Shoulder to shoulder with the Australians, the men of the New Zealand Division began their attack in gales and driving rain, faced with a morass of mud, uncut barbed wire up to 13 metres deep, an erratic and ineffectual artillery barrage to protect them and withering machine-gun fire. Slowed by the weather and struggling through thick mud, they died in their hundreds.

In four hours on the morning of October 12, 1917, New Zealand suffered a casualty toll of 60% of those who took part - 3,296 men of whom 1,190 were killed. It took two and a half days to clear the New Zealand wounded from the battlefield.

And, of course, the war didn't simply stop between the dates of the major battles - it carried on. La Basseville, close to Messines and where Leslie Andrew won the Victoria Cross, came after Messines and before Broodseinde, for example. In fact, the New Zealanders were still in Flanders at the end of the year, when Henry Nicholas won his Victoria Cross at Polderhoek Chateau near Zonnebeke.

 Prowse Point Cemetery near Messines
Today, more than 4,600 men who served with the New Zealand forces have their graves or, for those with no known grave, their names on memorials in some 80 Commonwealth War Graves Commission or communal cemeteries in Flanders. Almost 2,800 more New Zealanders served with Australian, British and Canadian forces and a number of those also died - 86, for example have their names on the Menin Gate at Ypres.
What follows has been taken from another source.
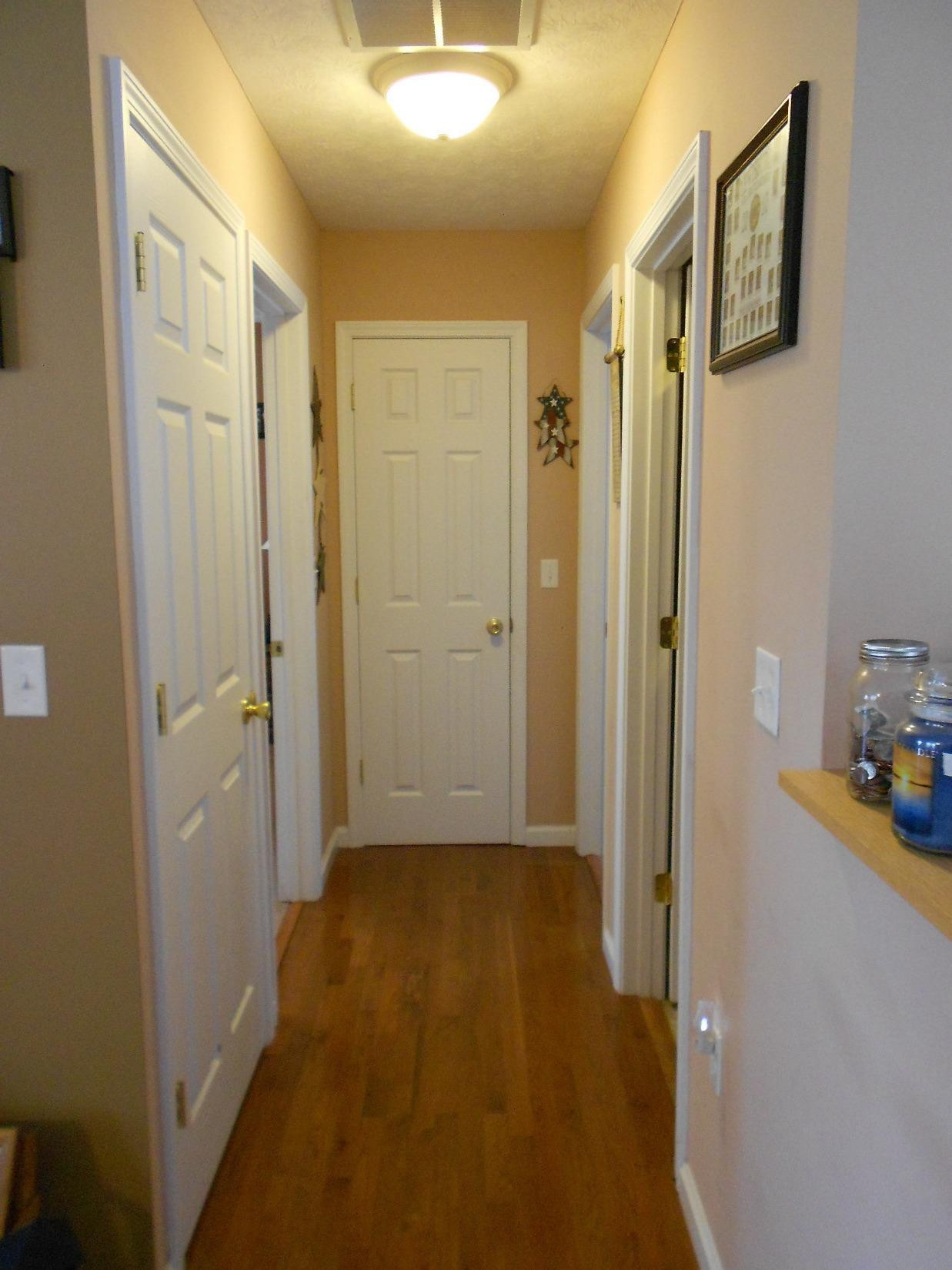 1652 Sharkey Road Morehead, KY 40351 - Photo 10 of 16 Photo 10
Tyne Cot Cemetery at Passchendaele is the Commission's largest. It is also the largest New Zealand cemetery outside New Zealand itself. There are now 11,953 Commonwealth servicemen of the First World War buried or commemorated in the cemetery itself  - 520 are the graves of New Zealanders and 322 of these are unidentified.

The Tyne Cot Memorial, which covers the upper slope of the cemetery, commemorates nearly 35,000 servicemen from the United Kingdom and New Zealand who died on the Ypres Salient after 16 August, 1917, and whose graves are not known. The New Zealand Apse in the Memorial commemorates 1,166 New Zealanders whose remains were never recovered.

At ‘s Graventafel nearby is a New Zealand Memorial, one of two in Flanders. The other is at Messines, the focus of the traditional Anzac Day New Zealand service in Belgium. At the Messines Ridge Cemetery there is also a New Zealand Memorial to the Missing with 839 names inscribed.

In addition to the two Memorials to the Missing at Tyne Cot and Messines, another Memorial to the Missing at Buttes New British Cemetery, Polygon Wood, also bears the names of 378 New Zealanders who have no known grave.